I think we'll let that happen something and we'll let it unfold. I mean, see, you have a track record, not that it's a secret or anything. But the point is how things shape up in the years, what we do with the IoT-led business, it's not necessarily that we can predict everything. We have a sense based on our open order book where A&M and C&E will go, but also there's new order bookings and new sales to be done, right? So I can't exactly tell you a number. But you have a track record to reflect on.
Okay. Okay. So basically, what was trying to understand like this 40% growth confidence, I mean, is it coming from the existing kind of order book? Or is it also built with the new booking, which you are expecting to come, let's say.
Part of it is coming from the open order book, to be honest. I mean, but. Yes, a lot of the confidence is coming from the open order book, plus, we believe that we'll do new order booking.
Okay. So then basically, sir, you would be like internally, you would be clear, right, from where the growth is largely going to be driven?
Yes.
Yes. Like any company, we also make a plan and work out with a very fine detail so that the team starts working on that. And based on all that, the confidence has come that, yes, there is no reason why we will not have a revenue growth of at least 40%.
I got it. I got it. And sir, 1 last number, if it is possible to you. What would be, let's say, the full year Auto and Consumer Tech revenue, full year basis FY '23?
Sorry, your question was last year, what was the C&E revenue?
Yes. I'm saying FY '23 full year basis, what would be the Auto and what would be the Consumer Tech revenues?
Those numbers are there, INR 130 crores of C&E and INR 150 crores for A&M.
INR 150 crores for A&M and INR 130 crores for C&E.
The next question is from the line of Moez Chandani from Centrum Broking.
So my first question was on the E&M business. So we've been at the INR 40 crores sort of a revenue mark for the past 3 quarters. Right? And this is assuming that the Gtropy contribution, whatever is coming in A&M would have been increasing. So is it fair to say that ex of Gtropy, the A&M revenues will be declining for the past few quarters? Any color that you could add to that?
We have disclosed how much is the IoT-led business. In the presentation, it's there is very clearly the IoT-led business is how much, is INR 16 crores; and INR 222 crores or something for Map-led business. So it's not Gtropy, you can say IoT-led. Now IoT-led doesn't mean -- and out of that, we have also disclosed how much was devices and how much was SaaS. So there's nothing has gone down.
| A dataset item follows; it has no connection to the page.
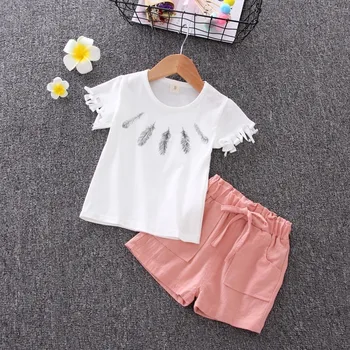 Baby Girls Clothes Summer Short Dress Solid Casual Suit Children's Clothing Girl Fashionable T-shirt + Shorts 1-4 Years Kids Set
Baby Girls Clothes Summer Short Dress Solid Casual Suit Children's Clothing Girl Fashionable T-shirt + Shorts 1-4 Years Kids Set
Yes, see, Q4 is a seasonally weak quarter for us for Automotive. So I don't think, look at the trend on a sequential quarter basis, look at the years. And so, that's my....
I mean, I'll add a little bit more. Unfortunately, the more we try to look at sequentially or quarter-by-quarter, we are also unable to analyze that way. Somehow, our focus is very clear for the year to achieve. We have set a goal for ourselves last year in the beginning of the year that we must attain 40% of revenue growth, we must attain -- actually, it was like this that we must cross this 3-digit or INR 100 crore milestone for the profits. Like that, we set up. So this quarter-by-quarter is something which we have to keep working every day, I know. And when we add up the quarter, it becomes the year that's known. But we don't mess up too much that shifting from this quarter to that quarter.
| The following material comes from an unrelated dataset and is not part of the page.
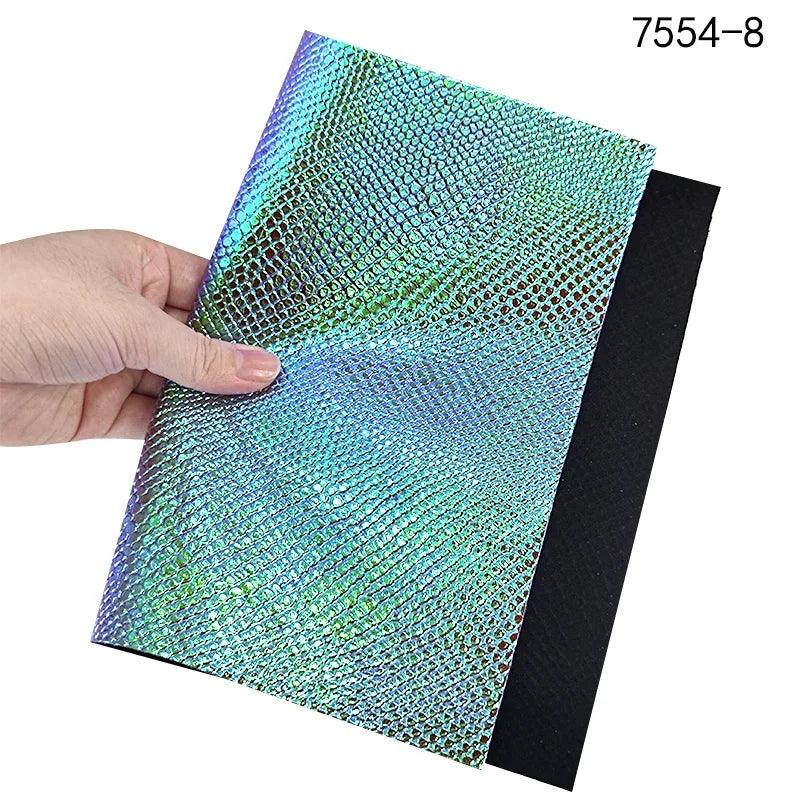 Rynx | Iridescent Python Scale Holographic PU Fabric - Unleash Your Creative Potential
Sure. Okay. My next question was on the consumer business. So you did launch your Mappls Gadgets sometime in February. So any -- has there been any revenue contribution from that? And are you expecting any significant revenue contribution from that segment in FY '24?
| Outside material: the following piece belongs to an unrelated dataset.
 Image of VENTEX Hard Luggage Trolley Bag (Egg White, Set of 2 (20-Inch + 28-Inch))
Yes. See, Mappls Gadgets, we publicly launched it, but we've been selling it through the distribution network. So the retail outlets, car showrooms, car accessory shops or the automotive, German accessories root for a while now. With Mappls Gadgets now the brand and promotion and marketing and then the online stuff will also start kicking in. So -- and of course, we will expand distribution. So I mean, a, it's already doing well, but b, yes, in this year, we will look to expand the visibility, reach, and sales of Mappls Gadgets in a big way. It's fact. And that's what is one of the aspects of kind of what growth we are seeing.
We'll take the next question from the line of Pooja Ahuja from Monarch Networth Capital.
So firstly, I wanted to understand earlier in your interview today, you mentioned that INR 60 crores is the revenue from Gtropy, but when I look at your presentation, it's the entire IoT business revenue. So just wanted to understand what's the share of Gtropy here?
No, no, I didn't say at all, INR 60 crores was Gtropy. I said IoT-led, some of that might have come from Gtropy -- I mean, a large part would have come from Gtropy, but some would have come from [indiscernible] also. So just for clarity say, IoT-led is INR 60 crores.
Right, sure. So since it's INR 60 crores, it's almost like 20% of your revenue for the full year. I wanted to understand where do you see this share going in the next couple of years? And in that case, what could be the impact? Because if the share is increasing in maybe the next couple of years, we could see margins compressing and then probably we could see as SaaS revenue picks up the impact coming on -- the positive impact sort of coming on the margin. But maybe in the next couple of years, you could see margin decline.
The scale, there's operating leverage in each of our businesses, even in the Map-led business, right? So as the Map-led business close, that will also contribute to margins and that has its own strong outlook, which is that you're seeing that in the INR 700 crore open order book for Map-led.
IoT, I mean, we see a large headroom for growth, so we will go after, but we'll keep in mind what margins we want to have. But again, IoT might grow faster or might grow in line with the company. I don't want to predict where the exact shares will be. But overall, at least for the upcoming years, we can give a sense.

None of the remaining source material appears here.